Confounding refers to a situation where the effect of a studied risk factor on a specific outcome is mixed with the effect of a factor not accounted for in the analysis. This other factor, known as a confounder, can distort (bias) the risk factor’s estimated effect and mislead the investigator. The problem can arise if a confounder i) affects the studied outcome and ii) is unequally distributed among subjects unexposed and exposed to the studied risk factor. There are basically two ways to adjust the risk estimate for the effect of the confounder. One way is to account for the confounder’s effect on the outcome by condition on the confounder, i.e. including the confounder as a covariate in the analysis. Another way is to account for the unequal distribution of the confounder between unexposed and exposed subjects by stratifying or matching the analysis on the propensity of being exposed to the risk factor. Given the average exposure risk in the form of a specially calculated propensity score, the exposure to the risk factor is considered random.

Both methods are problematic because all confounders are usually unknown or measured and registered in the investigator’s database, making the adjustment imperfect and leaving residual confounding. Both methods also require careful selection of adjustment factors to avoid adjustment bias.

Adjusting by including covariates in a multivariable statistical model must be based on assumptions regarding cause and effect. Adjusting for a factor unrelated to the studied outcome reduces the statistical precision, and adjusting for a factor influenced by both the risk factor and the outcome (a collider) can bias the risk factor’s estimated effect.

Adjusting by propensity score matching is related to similar problems.
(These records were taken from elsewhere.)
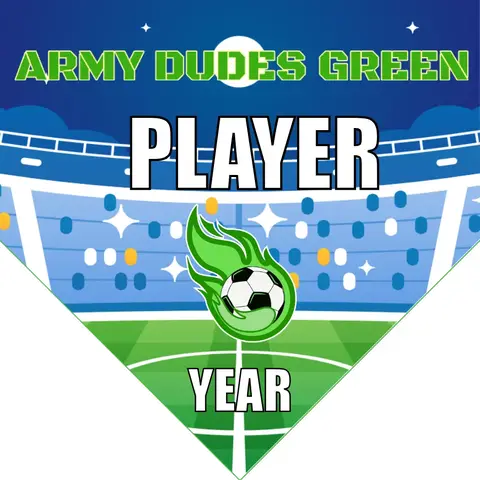 Army Dudes Green Soccer Banner-soccer-field-banners-picture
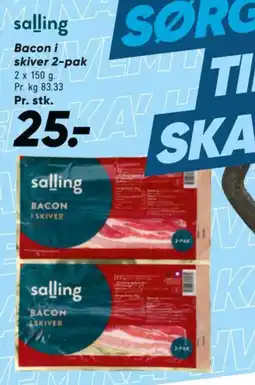 Bilka Salling Bacon i skiver 2-pak tilbud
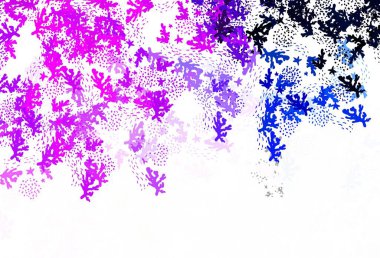 Soyut formlarla açık mor vektör dokusu. Soyut gradyan şekilli basit renkli çizimler. Web siteniz için basit tasarım.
Including non-confounders in the propensity score estimation, e.g. variables affected by the treatment but unrelated to the outcome or on the pathway between studied cause and effect, can result in overmatching that biases the risk estimate and reduces the statistical precision.

Furthermore, the matching procedure itself may be problematic as matching tends to reduce available sample size and can introduce selection bias in the matched dataset.